Desde 2009, cuando lanzó el programa con el que se proponía aplicar el éxito del Programa Erasmus a los jóvenes emprendedores, la Comisión Europea subvencionó 532 estancias con 560-1.000 € al mes para el joven emprendedor (persona que tiene un plan de negocio o una empresa ya establecida desde hace menos de tres años) y un pago único de 900 € para el intermediario. No es mucho si pensamos en los 2 millones de estudiantes que hicieron un Erasmus en los últimos 20 años. Pero sí es suficiente para reflexionar sobre el sentido del programa antes de asignarle una nueva tanda de fondos.
Entre los 400 intermediarios, uno de Breda tiene el récord de haber hecho de puente entre 30 emprendedores y empresas ya establecidas. La mayoría de los intermediarios lo consiguieron con sólo uno o dos, frustrando así los planes europeos de tener tres veces más participantes de los que realmente lo fueron. El mayor problema: «el tiempo que la empresa ya establecida ha de dedicar a enseñar al emprendedor».

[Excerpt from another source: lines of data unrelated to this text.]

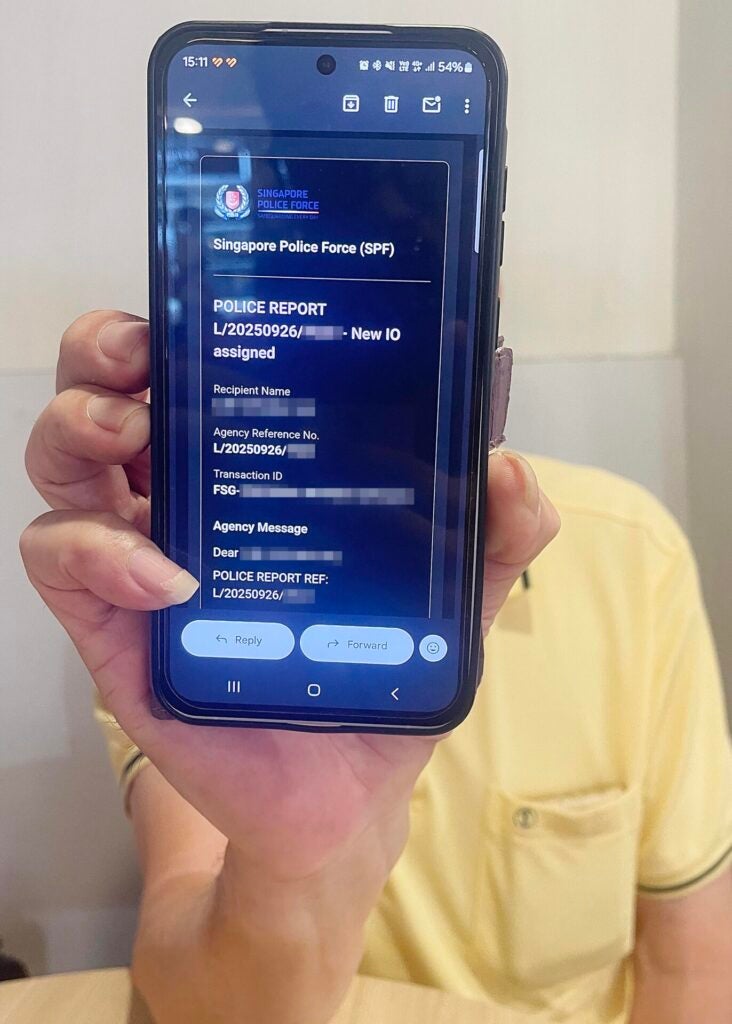 ac095e379d227f1fea77dcb04e672e0bca7cf6314cc55013b0e3245f9bf48990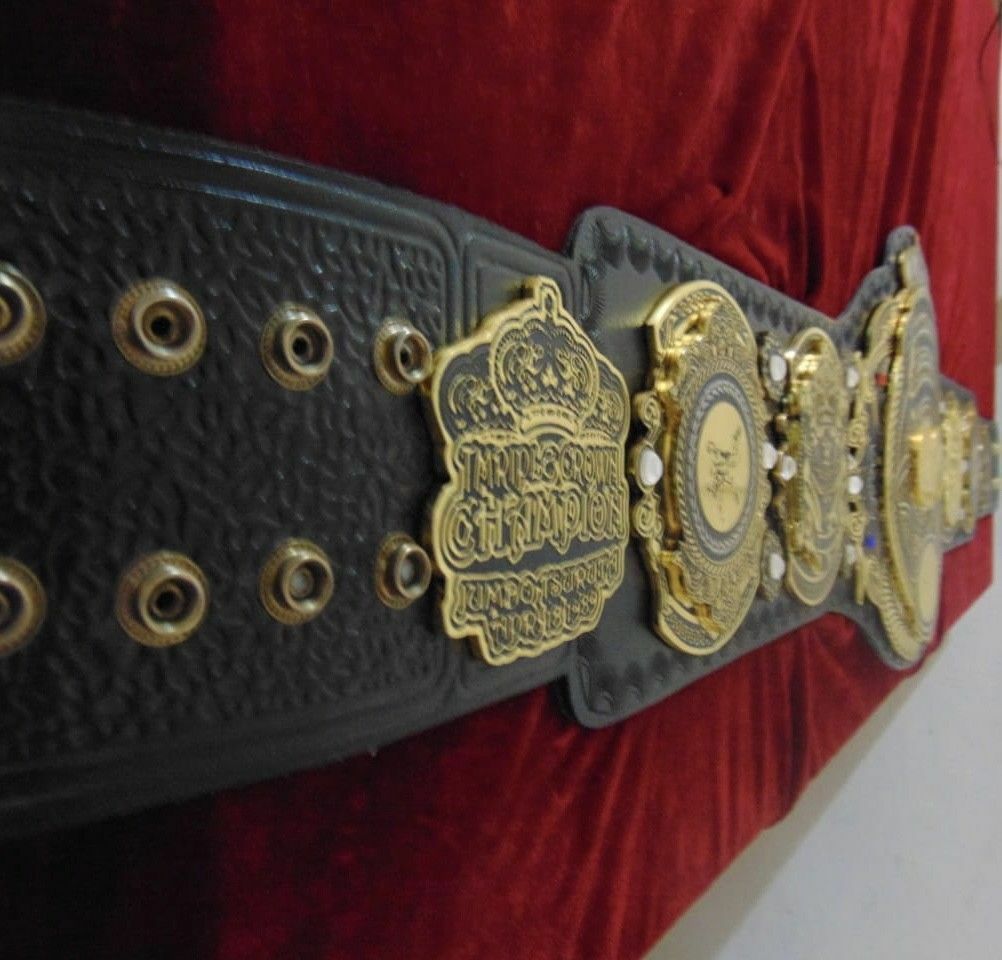 Triple Crown World Heavyweight Belt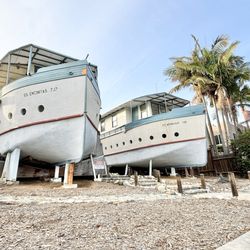 Encinitas Boathouses - Boat Shaped House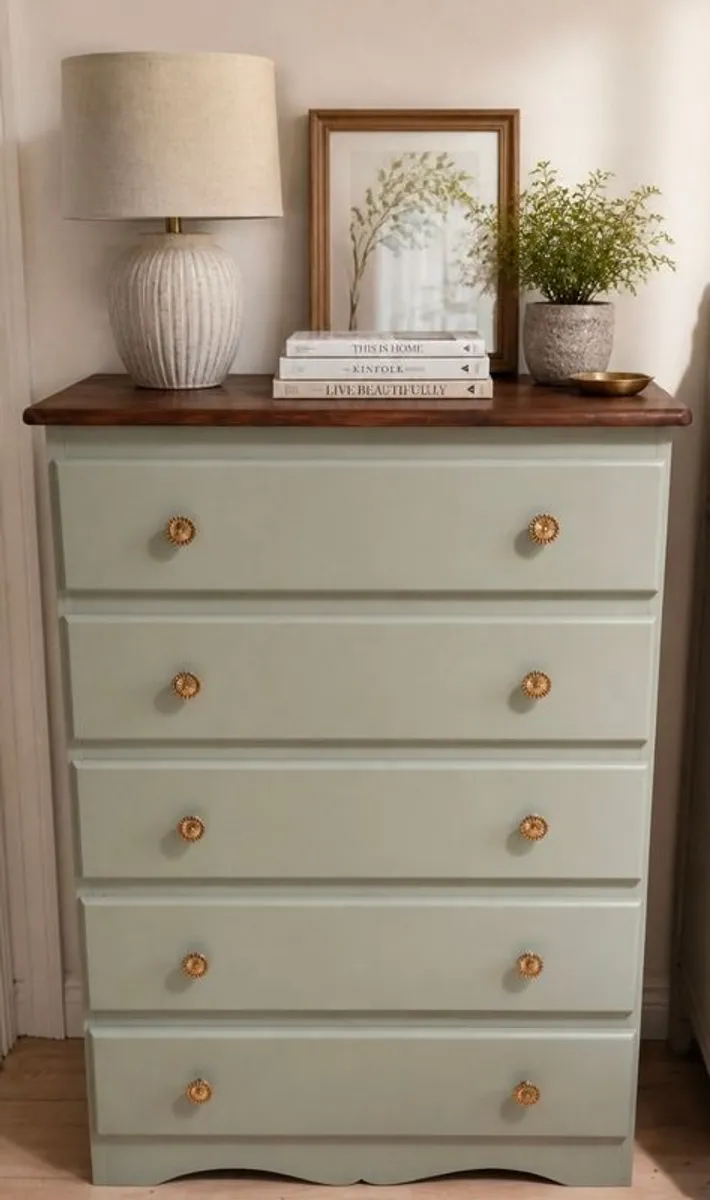 Chest of drawers - Image 1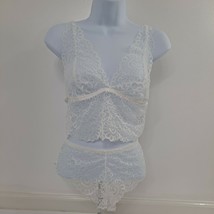 Lingerie Lace Floral White Two-piece Medium - £11.87 GBP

Hay a los que sí les merece la pena acoger a un joven emprendedor aunque cueste tiempo. Son los que aprecian el espítiru y motivación diferentes. A éstos, sin embargo, no deja de llamarles la atención que el llamado intermediario no haya ido a conocerles ni una sola vez.
El objetivo del programa —facilitar la interacción entre emprendedores con el fin de integrar mercados— está bien, aunque sea una debilidad que sólo se centre en los estados miembros de la UE.
Uno de los problemas, creo, es que cabe la posibilidad de que los intermediarios no se muevan en el mismo espacio que las empresas: en el mercado. Y si es así, cabe pensar que les cuesta, por un lado, seleccionar al emprendedor artesano y, por otro lado, no sepan orientar a las dos partes para que el aprendizaje lo sea para los dos.